Activity: Starting at the line below that contains "B&uuml;cher: Viaje al" and ending at the line that contains "Cover for Nzspace", retype each line exactly as it stands, but omit the pictures.
:: Available records
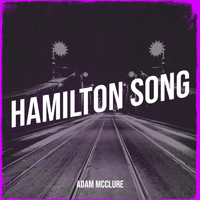 Adam McClure - Hamilton Song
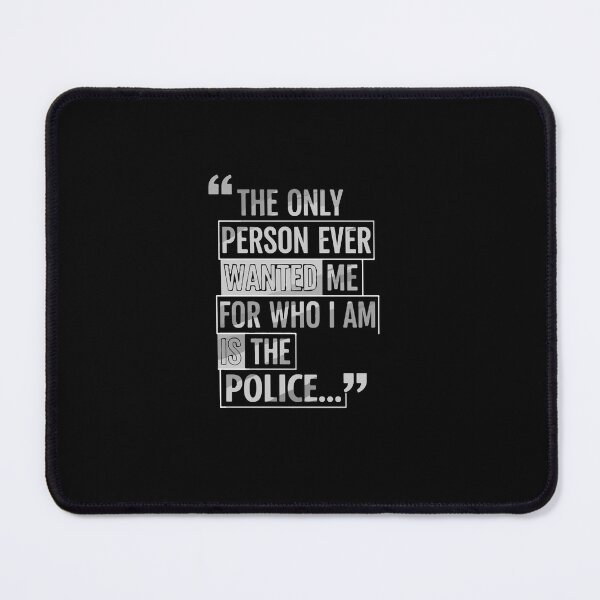 Item preview, The Only Person That Ever Wanted Me for Who I am is Police designed and sold by PopStars1993.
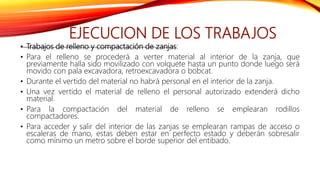 EJECUCION DE LOS TRABAJOS
• Trabajos de relleno y compactación de zanjas:
• Para el relleno se procederá a verter material al interior de la zanja, que
previamente halla sido movilizado con volquete hasta un punto donde luego será
movido con pala excavadora, retroexcavadora o bobcat.
• Durante el vertido del material no habrá personal en el interior de la zanja.
• Una vez vertido el material de relleno el personal autorizado extenderá dicho
material.
• Para la compactación del material de relleno se emplearan rodillos
compactadores.
• Para acceder y salir del interior de las zanjas se emplearan rampas de acceso o
escaleras de mano, estas deben estar en perfecto estado y deberán sobresalir
como mínimo un metro sobre el borde superior del entibado.
 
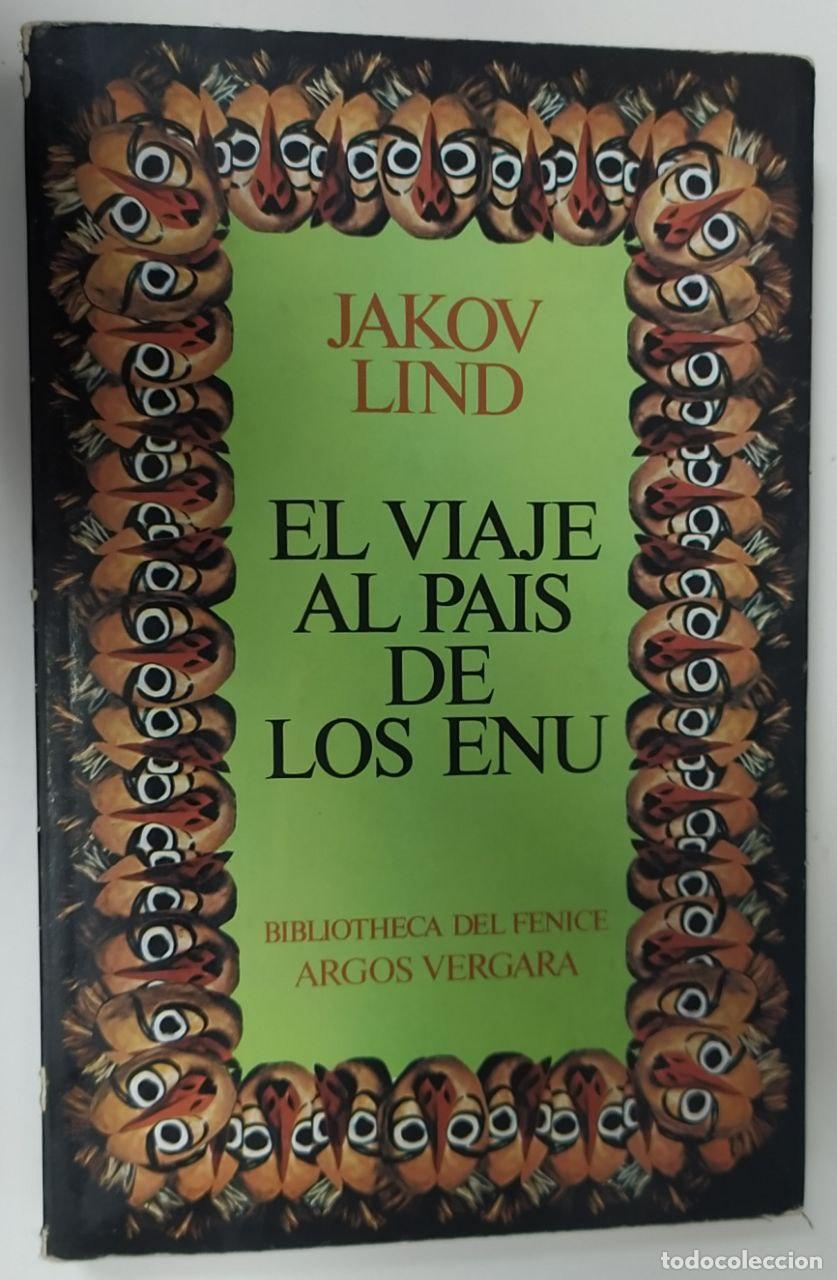 B&uuml;cher: Viaje al pa&iacute;s de los Enu - Lind, Jakov / Constante Lamy, Susana . tr.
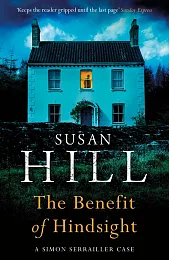 The Benefit of HindsightSusan Hill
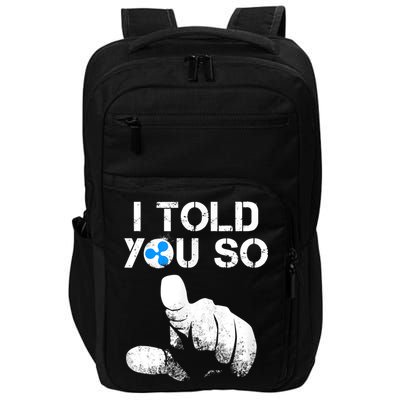 Ripple Crypto I TOLD YOU SO To Buy XRP BULLRUN Trading Joke Impact Tech Backpack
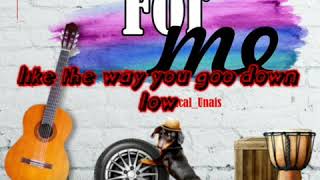 For Me Prob King Smart Unaiz Lyrics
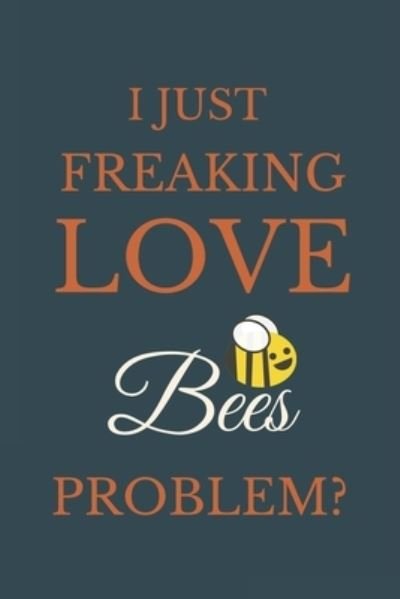 Cover for Nzspace Publisher · I Just Freakin Love Bees Problem? (Paperback Book) (2020)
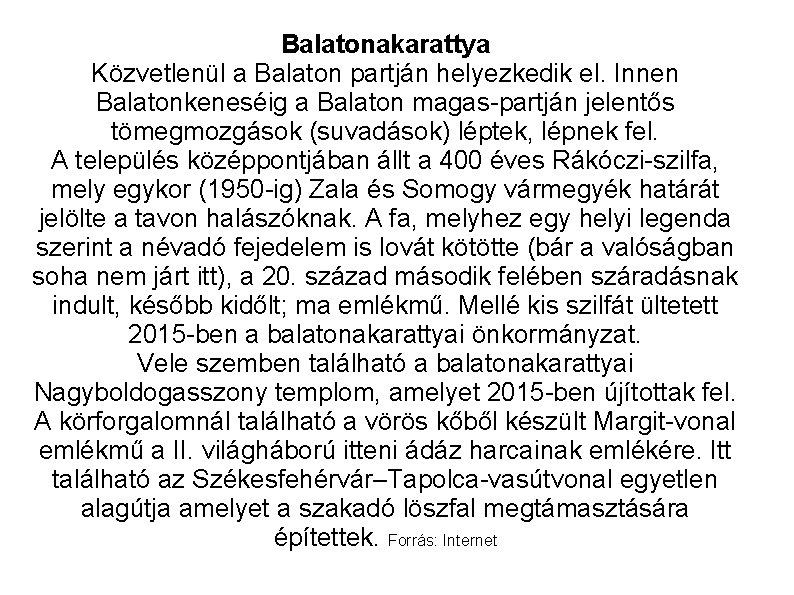 Balatonakarattya Közvetlenül a Balaton partján helyezkedik el. Innen Balatonkeneséig a Balaton magas-partján jelentős tömegmozgások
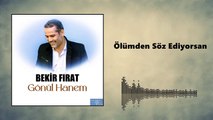 Bekir Fırat - Ölümden Söz Ediyorsan (Official Audio)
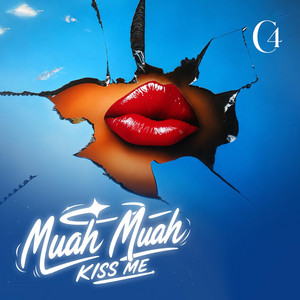 MUAH MUAH (KISS ME) by C4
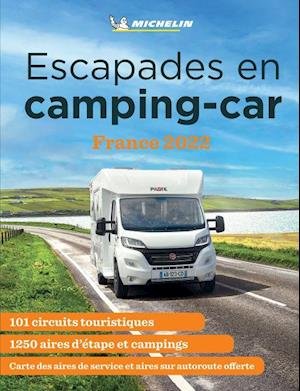 Escapades en camping-car France Michelin 2022 - Michelin Camping Guides - Michelin - Livres - Michelin Editions des Voyages - 9782067253315 - 14 avril 2022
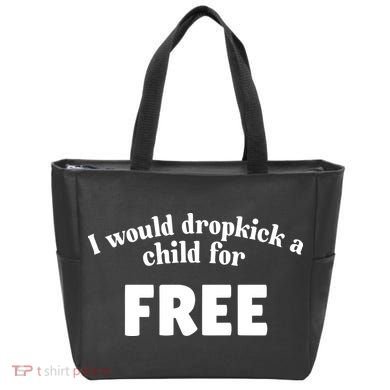 I Would Dropkick A Child For Free Tote Bag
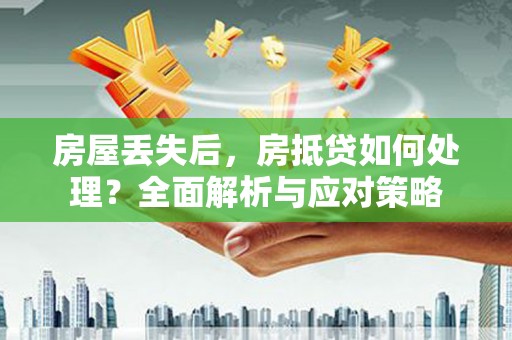 怒江房屋丢失后，房抵贷如何处理？全面解析与应对策略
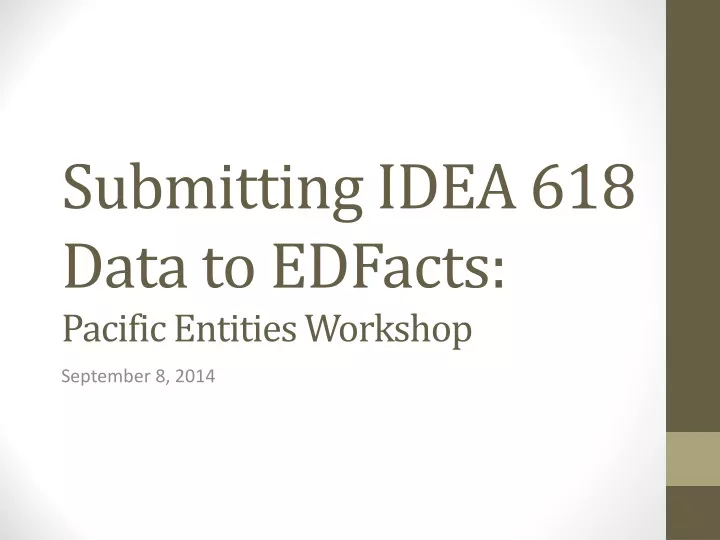 submitting idea 618 data to edfacts pacific entities workshop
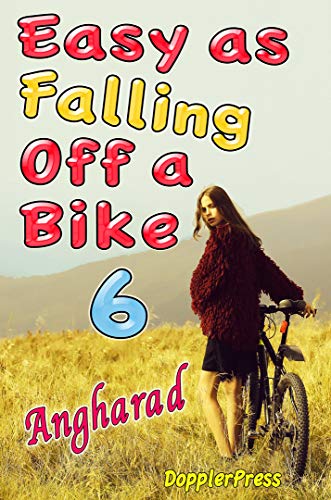 Easy as Falling off a Bike Book 6 (English Edition)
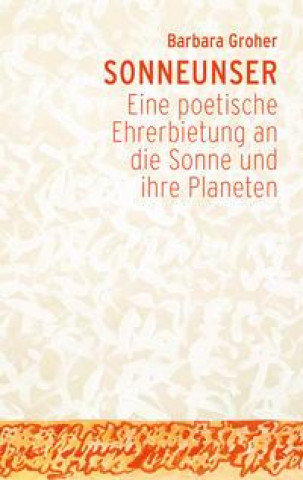 Knjiga Sonneunser Barbara Groher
::::
Exercise result:
 B&uuml;cher: Viaje al pa&iacute;s de los Enu - Lind, Jakov / Constante Lamy, Susana . tr.
 The Benefit of HindsightSusan Hill
 Ripple Crypto I TOLD YOU SO To Buy XRP BULLRUN Trading Joke Impact Tech Backpack
 For Me Prob King Smart Unaiz Lyrics
 Cover for Nzspace Publisher · I Just Freakin Love Bees Problem? (Paperback Book) (2020)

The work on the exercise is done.